Another advantage to 7NF is that in 6NF k + 1 relations are required to represent a 1NF relation, where k is the rank of the original relation minus the rank of the central relation.  But in 7NF, if the values of ℵ are made unique across the whole database, then distinct central relations may share 7NF peripheral relations if they contain the same attribute.  Thus a single peripheral relation with heading (ℵ, PURCHASE_PRICE) can be shared by many central relations: a product relation, an invoice relation, an asset relation, and so on.

The type of ℵ is arbitrary as long as its value space is sufficiently large.  It can be a serially assigned integer; a random integer or string with a sufficiently large number of bits, such as a UUID; or (worst case) the concatenation of the relation name with the string image of all the attributes in the central relation, in which case the improvement is merely theoretical, as the storage consumption may well be worse than before.

Of course, if a DBMS restricted all public relvars to 6NF, it would be possible to implement them with 7NF under the (erm) table.  But since that isn't likely to be the case, 7NF is like the other NFs, a design principle.

Comments?

I'm surprised that these days "the cost in storage" is any concern at all.

we add an synthetic attribute named ℵ that is also a candidate key for the central relation.

So in at least the central relation, there is duplicated information, with the usual opportunities for anomalies. Or do you propose that once an ℵ is allocated to a (central relation's) tuple, there's no need to change it even if the 'business key's attributes change? Then you have to distinguish UPDATEs (which don't change the ℵ) vs DELETE/INSERT which will need to cascade any new ℵ to the peripheral relations.

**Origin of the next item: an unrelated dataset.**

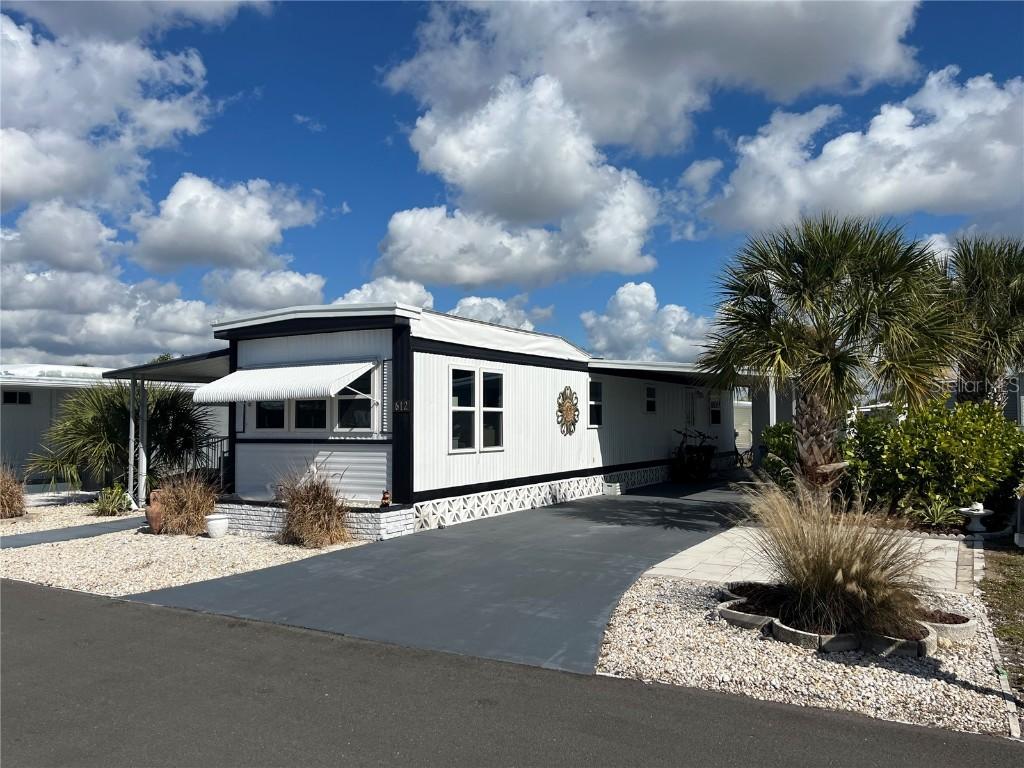 612 Locarno Dr., Venice, FL 34285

But in 7NF, if the values of ℵ are made unique across the whole database, then distinct central relations may share 7NF peripheral relations if they contain the same attribute.

I'd like to see the characteristic predicate for a relvar with an ℵ and a MONEY that variously holds PURCHASE_PRICE, COST_PRICE, EXTENDED_PRICE, TAX_AMOUNT, .... What's its INCLUSION DEPENDENCY (aka FOREIGN KEY constraint) going to look like? There's nothing in the ℵ tells which central relation it belongs to. What if we want two MONEYs peripheral to the same central tuple?

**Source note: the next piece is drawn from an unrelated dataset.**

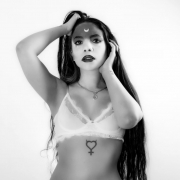AvyHeaven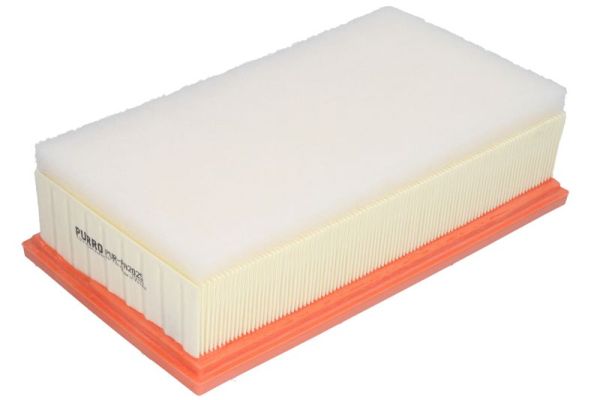 PUR-PA2025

And I see no grounds for calling this "7NF": it's not beyond 6NF; as soon as you have Foreign Keys, you can potentially use a synthetic Primary Persistent Key. Every darn application I've been working with recently does this already. Bane of my life. Dratted ORM (done badly, according to Dave).

Quote from AntC on September 8, 2019, 10:29 pm

I'm surprised that these days "the cost in storage" is any concern at all.

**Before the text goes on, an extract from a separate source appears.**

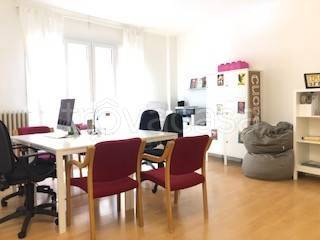 ufficio in affitto a Bologna in zona Centro Storico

It's true we have Big Storage nowadays, but Big Data is outrunning it.  We had a zettabyte (10²¹ bytes) of storage in use in 2012 and 18 times that now, with 175 zettabytes expected by 2025.

 

Or do you propose that once an ℵ is allocated to a (central relation's) tuple, there's no need to change it even if the 'business key's attributes change? Then you have to distinguish UPDATEs (which don't change the ℵ) vs DELETE/INSERT which will need to cascade any new ℵ to the peripheral relations.

"Exactly so!" quoth he.

But in 7NF, if the values of ℵ are made unique across the whole database, then distinct central relations may share 7NF peripheral relations if they contain the same attribute.

I'd like to see the characteristic predicate for a relvar with an ℵ and a MONEY that variously holds PURCHASE_PRICE, COST_PRICE, EXTENDED_PRICE, TAX_AMOUNT, .... What's its INCLUSION DEPENDENCY (aka FOREIGN KEY constraint) going to look like? There's nothing in the ℵ tells which central relation it belongs to. What if we want two MONEYs peripheral to the same central tuple?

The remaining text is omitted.